The Lenormand deck is a fairly convenient replacement for Everway’s Fortune Deck having 36 cards with no minor arcana (i.e. all the cards have pictures and meanings). There is no Usurper, of course.

Using the Petit Lenormand does require some concessions. First, there are normally no reversed meanings in the Lenormand, so either we abandon inverse meanings or invent them — I’m doing the latter.

Second, Lenormand cards are usually read in groups (pairs up to the 36 card Grand Tableau); to make it function like Everway’s Fortune Deck the cards need also to be read on their own.

Third, it’s not possible to map all of Everway’s cards onto the Lenormand, though some fit quite well (Death = Coffin, Trickery = The Fox, etc.). Still the Fortune Deck is a nice starting point giving a range of responses, so where possible I’ve tried to import upright and reversed meanings from the Fortune Deck, though not always to the same card (for example The Bear takes “Simple Strength” from the Peasant card and “Blind Fury” from the Dragon card).

Some of the Fortune Deck cards are an activity (e.g. Sowing Stones, Striking The Dragon’s Tail, Drowning In Armour) which should be taken as a metaphor for the actual thing the PC is doing. None of these are represented very well in the Lenormand deck. Other cards are metaphors for states of being (the Eagle, the Fish, the Cockatrice etc.) and work better. But in all cases we need to reduce the variety of meanings for Lenormand cards into one clear meaning which the GM and players can interpret into the situation. Most of the time the Fortune Deck isn’t used for divining a situation so much as suggesting an outcome to a current risky situation.

Building the Deck

Ideally your Lenormand cards should have the upright and reversed meanings written on them. You have these choices:

  • get a commercial deck and write on it (probably not popular)
  • create your own deck by drawing or pasting images on a deck of playing cards
  • use a companion sheet for the interpretations of the cards (i.e. the above document)

Suits

One benefit of the Lenormand cards is much clearer alignment to both numbers and suits. While the Fortune Deck’s cards do have alignments (to the zodiac, elements etc.) they’re not as obvious as the four suits of traditional playing cards or Tarot. In Grand Tableau the suits apply not only to the houses but are reflected on the character sheet.

Hearts Water. Emotions, love, relationships, sense of self. For characters this measures a person’s ability to connect with others and network, and also their intuition.

Diamonds Fire.

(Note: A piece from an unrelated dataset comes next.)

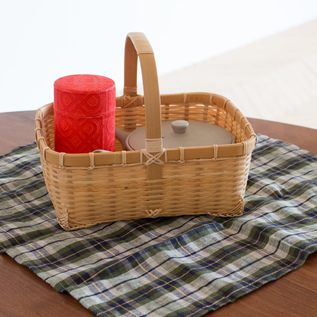 手提げかご／公長齋小菅（こうちょうさいこすが）｜愛着を持ってずっと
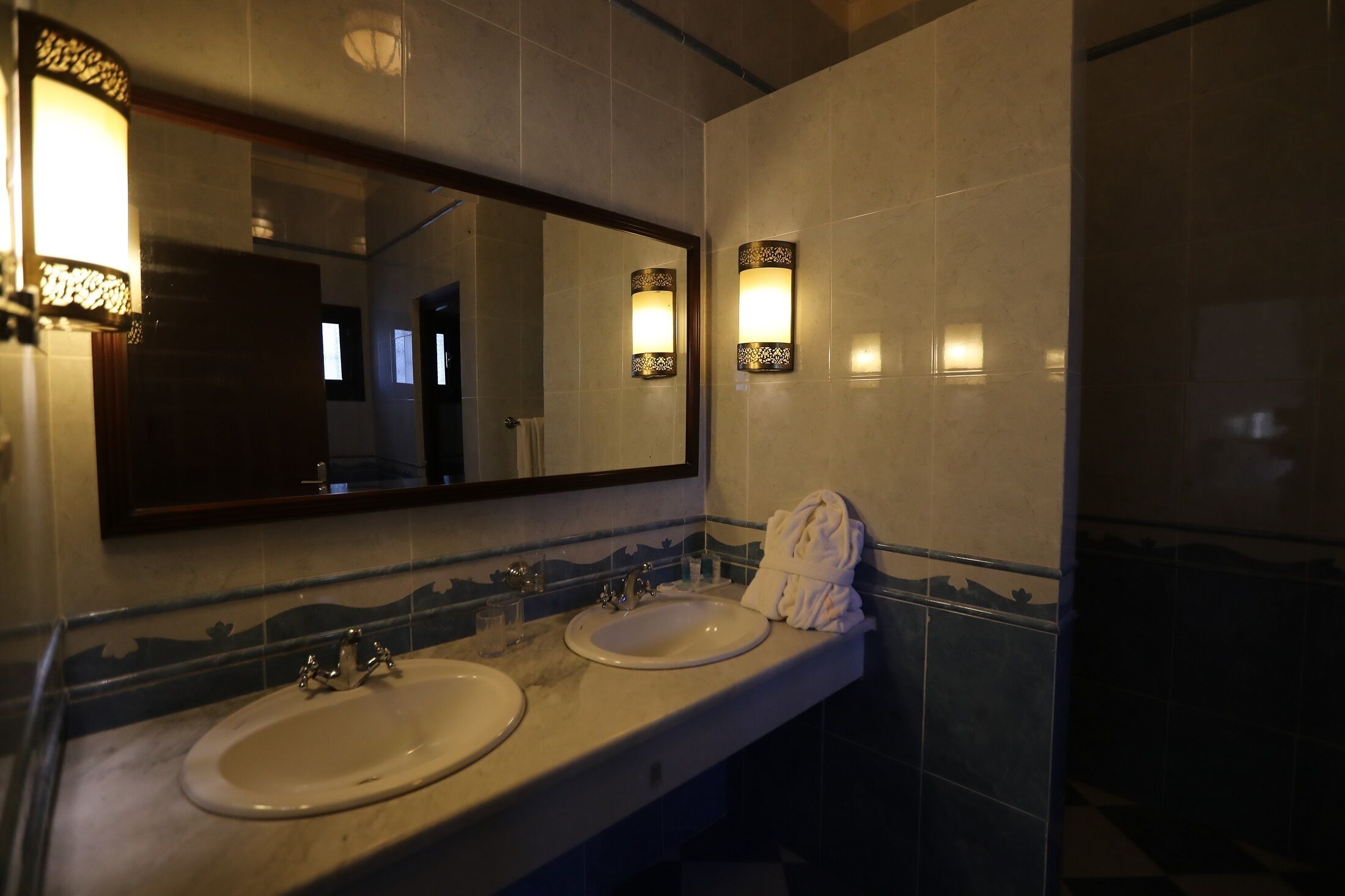 Deluxe Twin Room | Bathroom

Change, fortune and misfortune, enterprise. For the PC this represents the PC’s drive and ability to effect change, take risks and so forth.

Spades Air. Government, authority, territory, society. In PCs this represents intellectual capacity, understanding of law, and personal authority.

Clubs Earth. Survival, hardship and trouble. For characters this is about ability to endure harm and hardship.

Character Creation

The rough draft character creation process is more or less taken from Everway:

  1. Think of a character concept.
  2. It may help to do the 3-card reading here. Draw or choose 3 cards to represent your Virtue, Fault and Fate.
  3. You get 20 points to spend among your four Suits and any Powers or Magic you want.
  4. For points in Suits an average human level is 3, and each point invested doubles the power in a given suit.
  5. Each Suit has a speciality; when that speciality applies to the situation the value of the Suit is counted as 1 higher.
  6. You get one minor power for free.
  7. Magic costs 1 point per level, and is aligned to a suit. You can’t have a magic level higher than your suit’s rating. Magic schools to be defined.
  8. Powers cost 1 point if they can be used frequently, 1 point if they can be used in many circumstances, and 1 point if their use is major, i.e. disrupts or dominates a scene. Need to define these further.

In Play

Most of the time play is exactly the same freeform process as Everway, using Karma, Drama and Fortune to resolve actions.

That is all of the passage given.